Flange Lock Nuts (DIN 6923 with serrations)
Flange lock nuts combine a standard hex nut with an integrated serrated bearing flange. The serrations — typically 60° angle-cut in a radial pattern — bite into the mating surface as the nut is tightened, providing both a larger bearing area and a mechanical bite that resists rotation.
Flange lock nuts are especially useful where:
– The mating surface is soft or prone to damage from standard hex nut edges (sheet metal, aluminum castings)
– You want to eliminate a separate washer from the assembly
– High-vibration environments with access constraints prevent double-nutting
Most flange lock nuts also incorporate a nylon insert, making them a dual-action design. Stainless steel variants (A2-70, A4-80) are available for corrosion-sensitive applications including marine and food-processing equipment.
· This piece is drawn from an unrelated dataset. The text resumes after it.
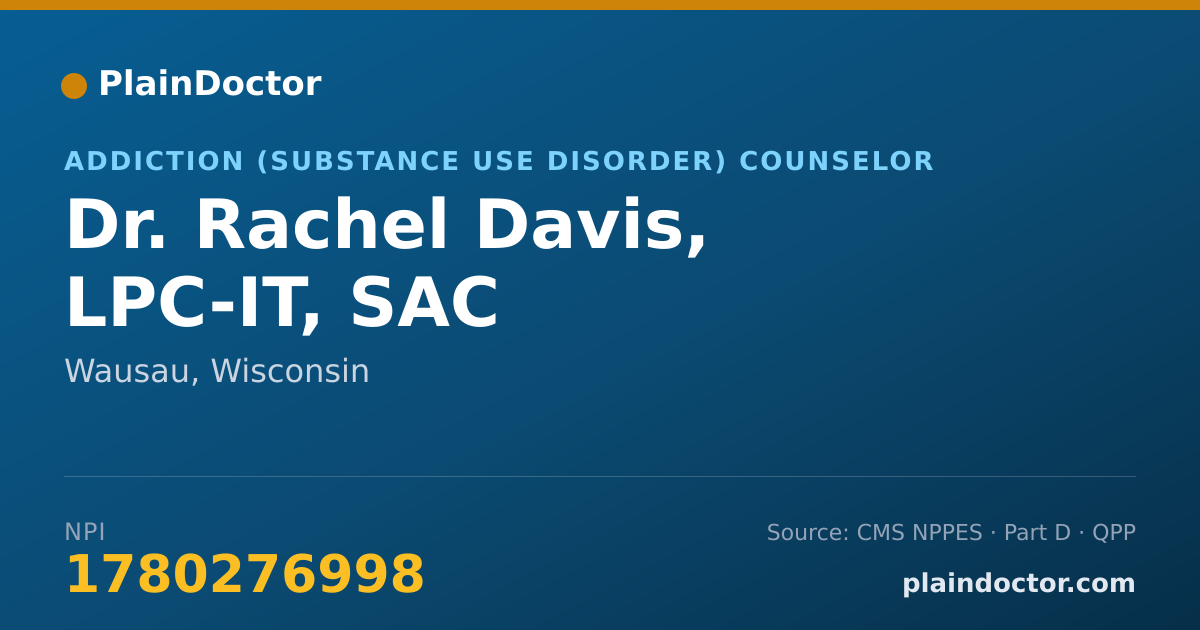 Shareable card for Rachel Davis, LPC-IT, SAC - Addiction (Substance Use Disorder) Counselor, Wausau, WI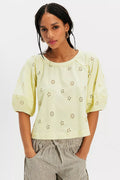 JESSIE EYELET TEE LEMON WATER COMBO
| Type | Mechanism | Max Temp | Reusable | Best For |
|---|---|---|---|---|
| Nylon Insert (DIN 985) | Friction insert | 120°C | 3–5× | General manufacturing, vibration |
| All-Metal Prevailing Torque | Distorted thread | 250–300°C | 1–2× | High-temp, aerospace, clean room |
| Castle Nut + Cotter Pin | Mechanical positive lock | Unlimited | Nut: unlimited; pin: single-use | Safety-critical, wheel bearings |
| Jam Nut | Opposing friction faces | Unlimited | Unlimited | Extreme temp, standard stock |
| Flange Lock Nut | Serrated bearing surface | 120°C (w/ nylon) | 3–5× | Sheet metal, aluminum, no-washer |
Industry Applications and Use Cases
Locking nuts find application across virtually every sector that relies on bolted joints — but the specific type matters enormously by industry.
Automotive and Transportation
The automotive industry consumes more locking nuts per unit than almost any other sector. Key applications include:
- Wheel bearing retaining nuts — castle nuts with cotter pins or single-use all-metal prevailing torque nuts; regulations require these on commercial vehicles precisely because wheel-bearing loosening is catastrophic.
- Suspension and steering joints — where dynamic loads and road vibration would loosen a standard hex nut within thousands of kilometers.
- Engine mounts — where engine vibration is directly transmitted to the fastener.
- Exhaust manifold studs — all-metal prevailing torque nuts only; the nylon limit of 120°C is exceeded by any manifold in service.
In passenger vehicles alone, a mid-sized sedan typically uses 30–50 locking fasteners throughout the powertrain, chassis, and suspension — underlining why the wrong selection causes recalls, not just warranty claims.
Industrial Machinery and Equipment
Machine tools, pumps, compressors, and conveyor systems operate under continuous vibration with maintenance intervals that may stretch to thousands of hours. In these applications:
- Nylon insert lock nuts cover the majority of structural joints that operate below 100°C.
- All-metal nuts are used in motor mounting, gearbox housing, and any joint near a heat source.
- Jam nut pairs appear frequently in adjustable mechanisms — jig fixtures, slide stops, limit switches — where a position must be locked after adjustment.
The cost of an in-service failure on a production line typically far exceeds the entire annual fastener budget for that machine, which is why maintenance engineers increasingly specify locking nuts as the default rather than an upgrade.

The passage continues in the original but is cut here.